• _Task brief_
What is needed here is an exact printout of the data, with no pictures included.

Segment Start: Task material

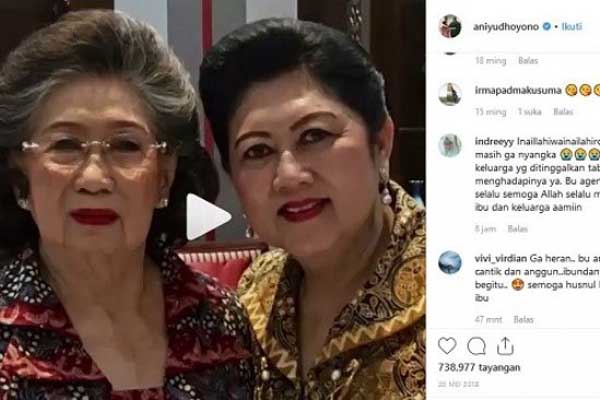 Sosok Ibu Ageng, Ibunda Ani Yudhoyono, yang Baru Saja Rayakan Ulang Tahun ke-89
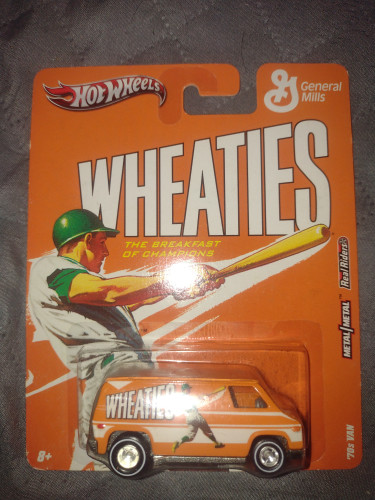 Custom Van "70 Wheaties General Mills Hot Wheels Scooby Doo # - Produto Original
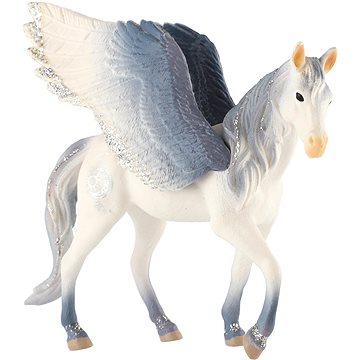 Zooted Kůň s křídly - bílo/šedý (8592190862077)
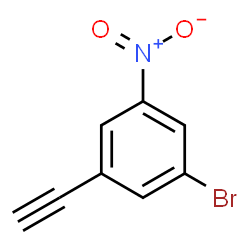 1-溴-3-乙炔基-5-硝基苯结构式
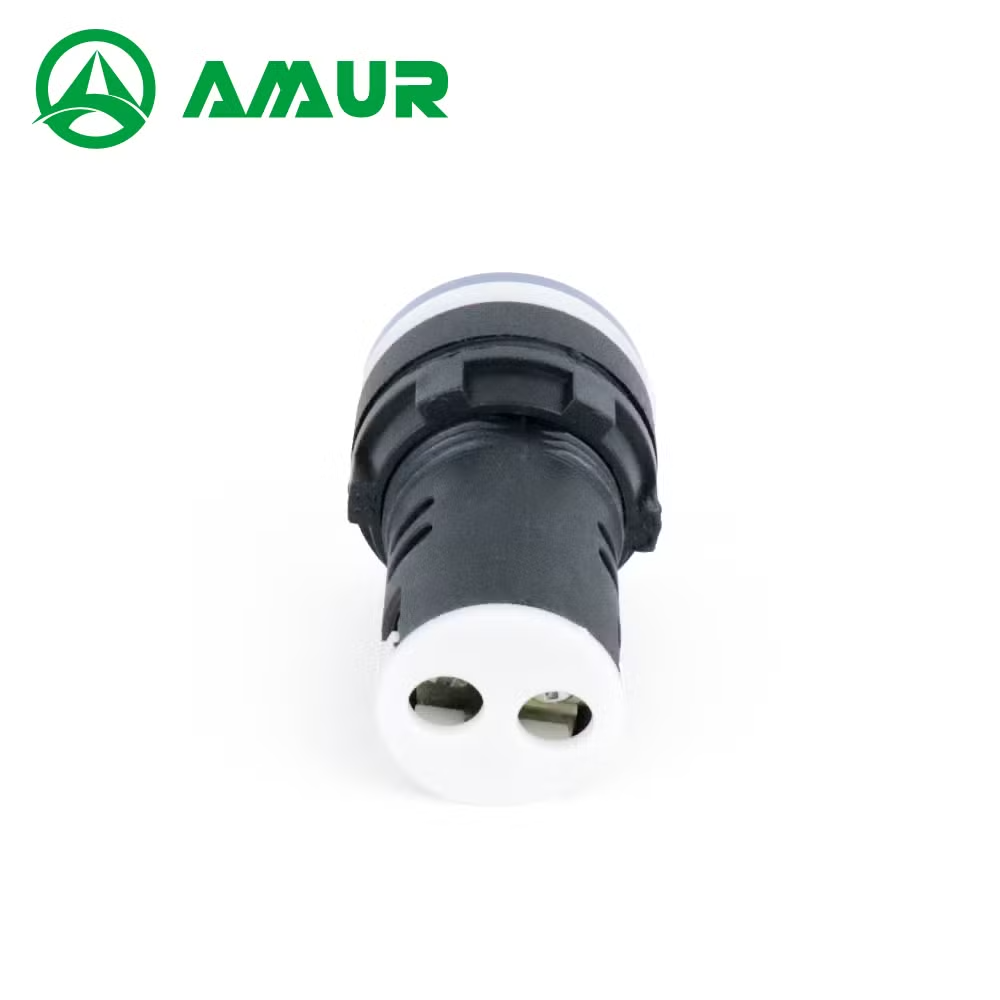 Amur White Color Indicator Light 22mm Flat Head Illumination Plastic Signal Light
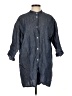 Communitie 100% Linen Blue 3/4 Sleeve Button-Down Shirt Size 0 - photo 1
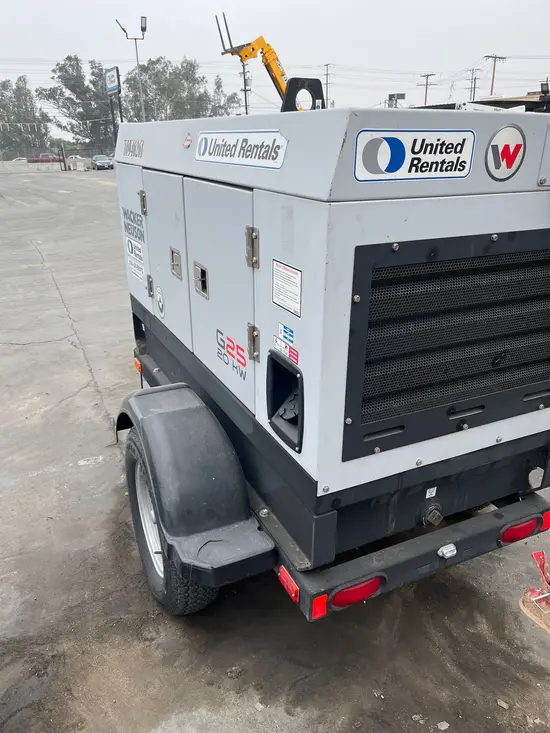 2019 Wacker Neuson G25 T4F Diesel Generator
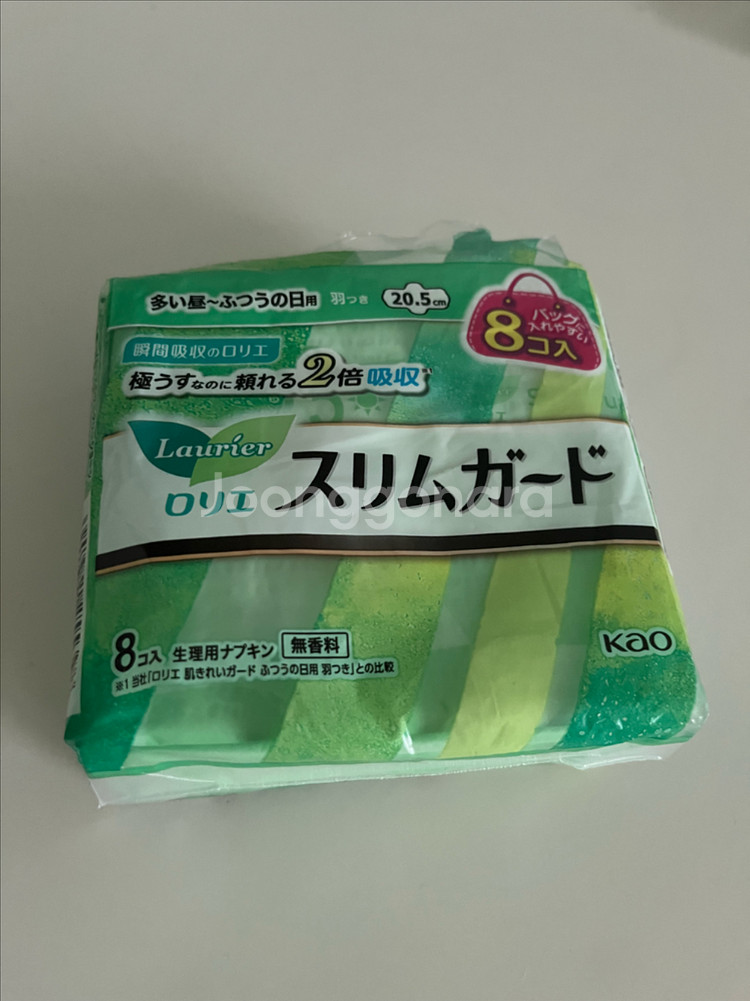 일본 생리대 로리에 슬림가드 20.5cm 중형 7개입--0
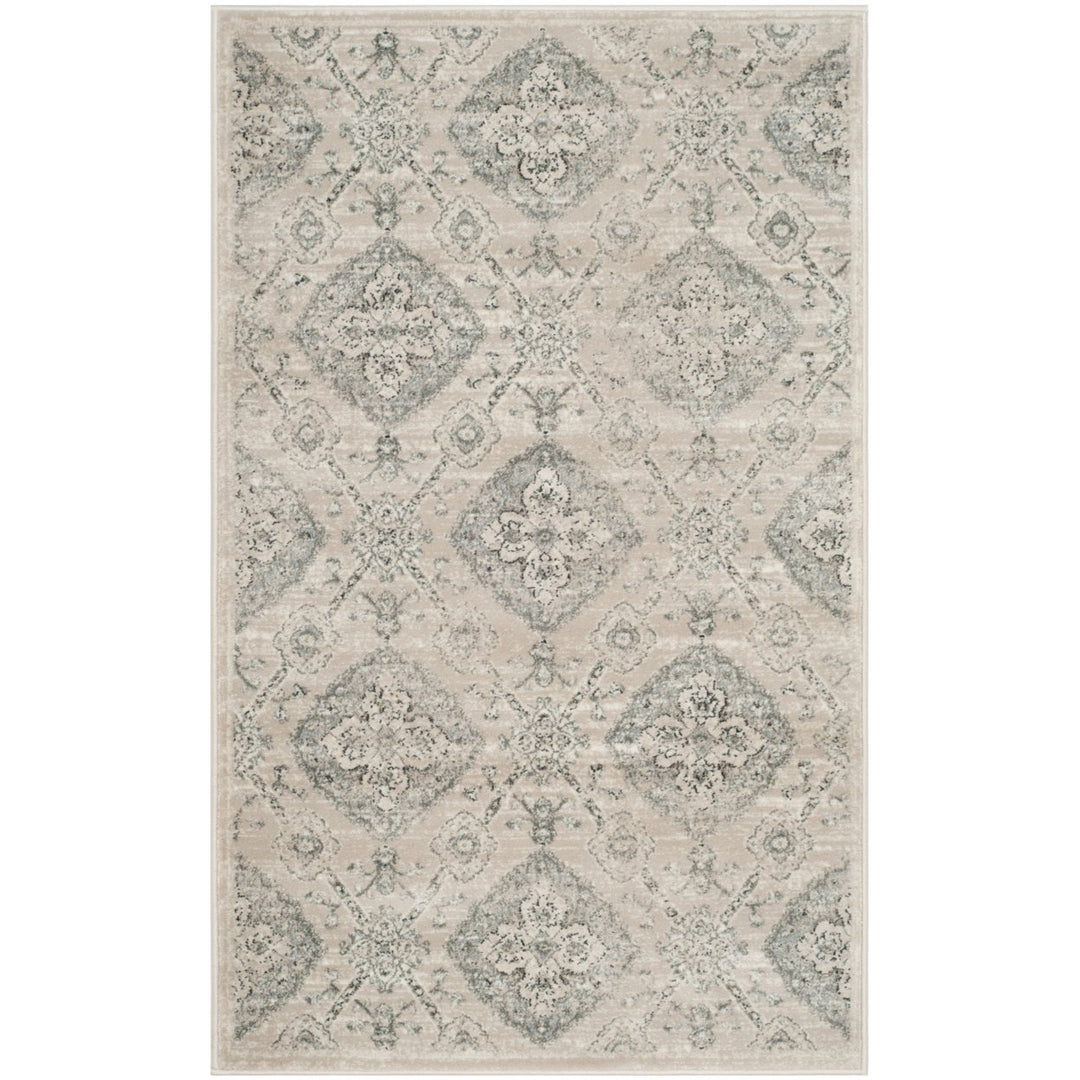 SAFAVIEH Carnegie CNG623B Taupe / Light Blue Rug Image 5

Segment End: Task material

• _Reply_
 Sosok Ibu Ageng, Ibunda Ani Yudhoyono, yang Baru Saja Rayakan Ulang Tahun ke-89
 Custom Van "70 Wheaties General Mills Hot Wheels Scooby Doo # - Produto Original
 Zooted Kůň s křídly - bílo/šedý (8592190862077)
 1-溴-3-乙炔基-5-硝基苯结构式
 Amur White Color Indicator Light 22mm Flat Head Illumination Plastic Signal Light
 Communitie 100% Linen Blue 3/4 Sleeve Button-Down Shirt Size 0 - photo 1
 2019 Wacker Neuson G25 T4F Diesel Generator
 일본 생리대 로리에 슬림가드 20.5cm 중형 7개입--0
 SAFAVIEH Carnegie CNG623B Taupe / Light Blue Rug Image 5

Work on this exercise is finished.